• PROBLEM:
Repeat every entry word for word, but leave the images out of your copy.

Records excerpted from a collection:
-------------------------
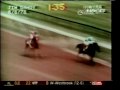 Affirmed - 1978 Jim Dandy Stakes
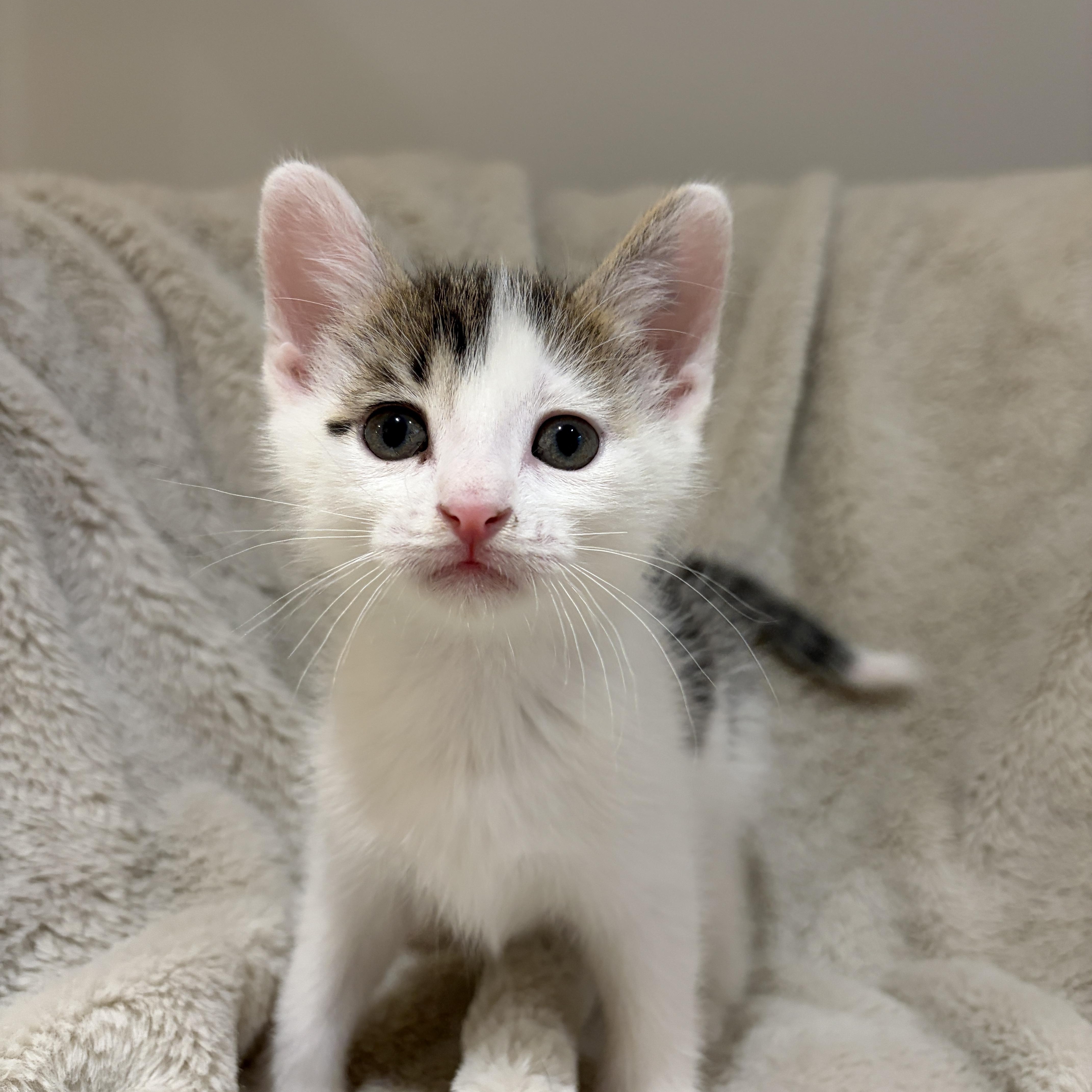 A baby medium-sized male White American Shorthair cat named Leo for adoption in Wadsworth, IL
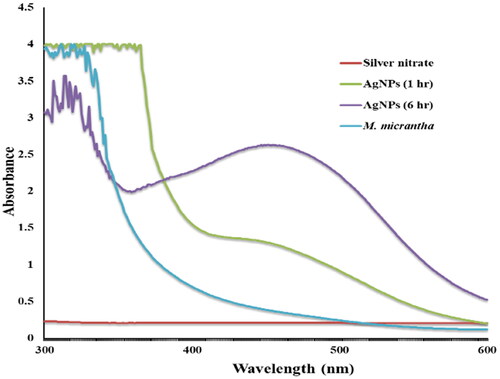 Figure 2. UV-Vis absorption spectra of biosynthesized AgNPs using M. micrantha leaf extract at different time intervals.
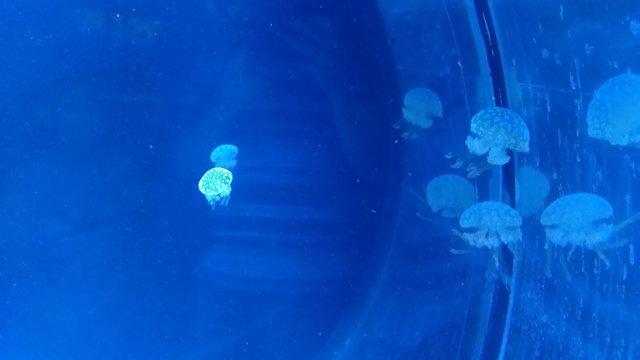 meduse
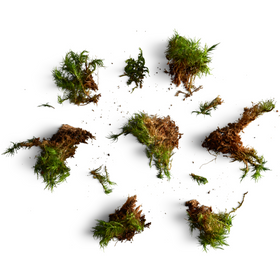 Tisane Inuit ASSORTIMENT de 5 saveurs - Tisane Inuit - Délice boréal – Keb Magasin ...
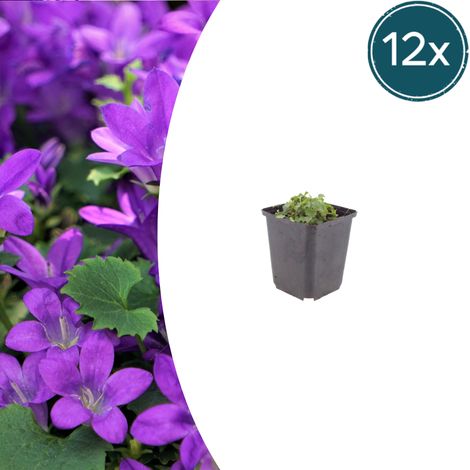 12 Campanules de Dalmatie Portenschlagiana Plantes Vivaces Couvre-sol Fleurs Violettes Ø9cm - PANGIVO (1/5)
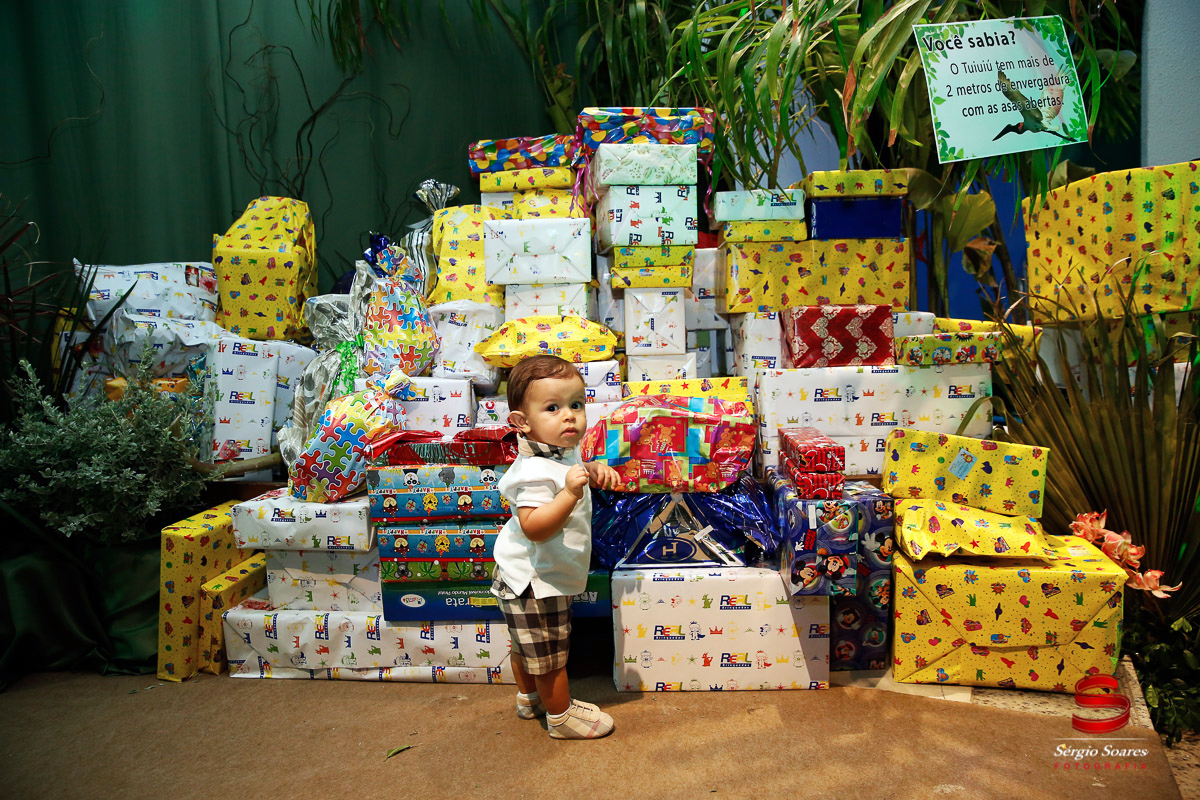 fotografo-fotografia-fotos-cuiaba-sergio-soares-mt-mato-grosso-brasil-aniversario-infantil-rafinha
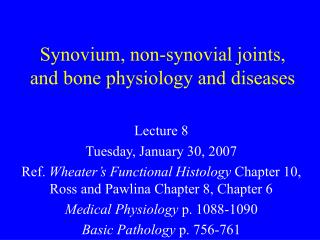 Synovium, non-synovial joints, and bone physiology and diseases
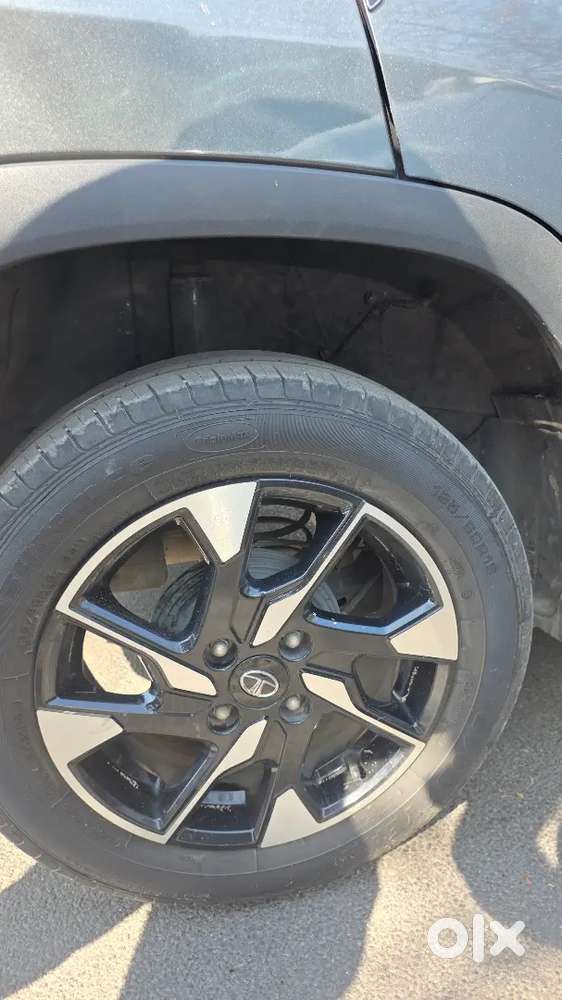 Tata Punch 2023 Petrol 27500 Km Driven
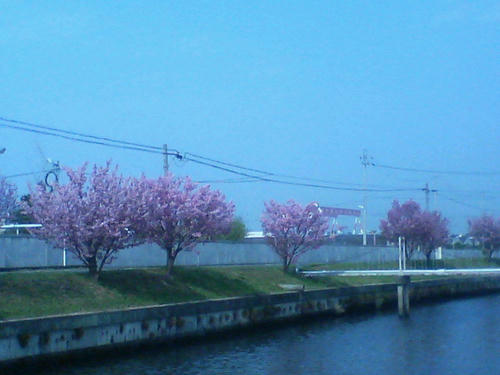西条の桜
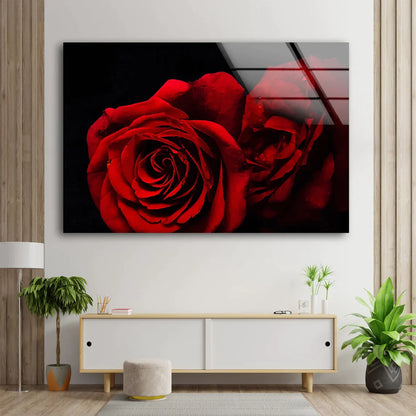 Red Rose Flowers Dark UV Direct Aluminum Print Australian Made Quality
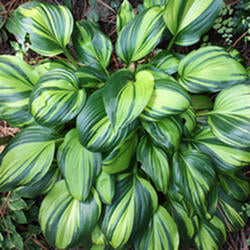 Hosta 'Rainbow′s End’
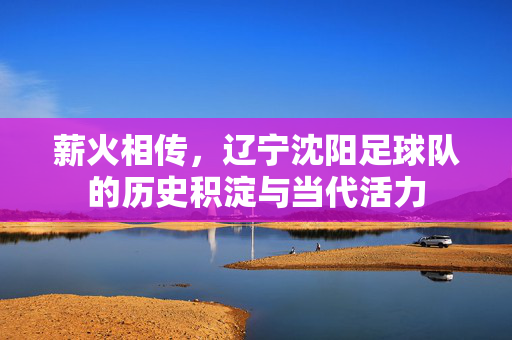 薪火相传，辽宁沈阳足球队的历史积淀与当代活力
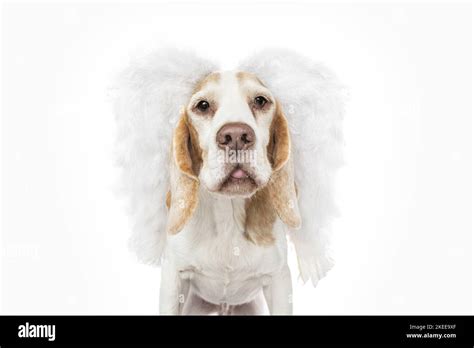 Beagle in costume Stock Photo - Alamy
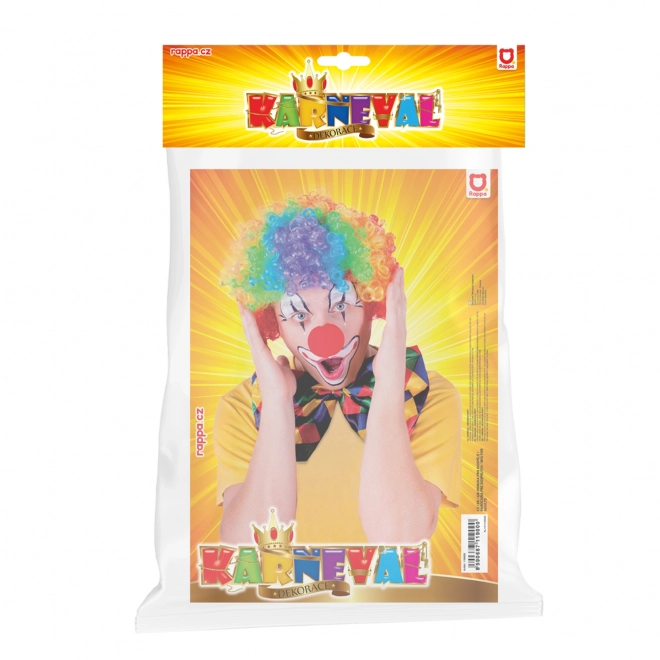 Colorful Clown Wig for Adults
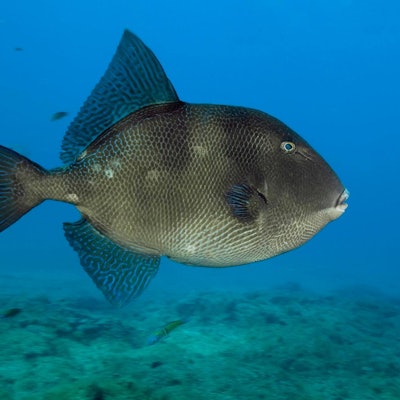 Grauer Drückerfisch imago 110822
-------------------------
• RESULT BELOW:
 Affirmed - 1978 Jim Dandy Stakes
 A baby medium-sized male White American Shorthair cat named Leo for adoption in Wadsworth, IL
 Figure 2. UV-Vis absorption spectra of biosynthesized AgNPs using M. micrantha leaf extract at different time intervals.
 meduse
 Tisane Inuit ASSORTIMENT de 5 saveurs - Tisane Inuit - Délice boréal – Keb Magasin ...
 12 Campanules de Dalmatie Portenschlagiana Plantes Vivaces Couvre-sol Fleurs Violettes Ø9cm - PANGIVO (1/5)
 fotografo-fotografia-fotos-cuiaba-sergio-soares-mt-mato-grosso-brasil-aniversario-infantil-rafinha
 Synovium, non-synovial joints, and bone physiology and diseases
 Tata Punch 2023 Petrol 27500 Km Driven
西条の桜
 Red Rose Flowers Dark UV Direct Aluminum Print Australian Made Quality
 Hosta 'Rainbow′s End’
 薪火相传，辽宁沈阳足球队的历史积淀与当代活力
 Beagle in costume Stock Photo - Alamy
 Colorful Clown Wig for Adults
 Grauer Drückerfisch imago 110822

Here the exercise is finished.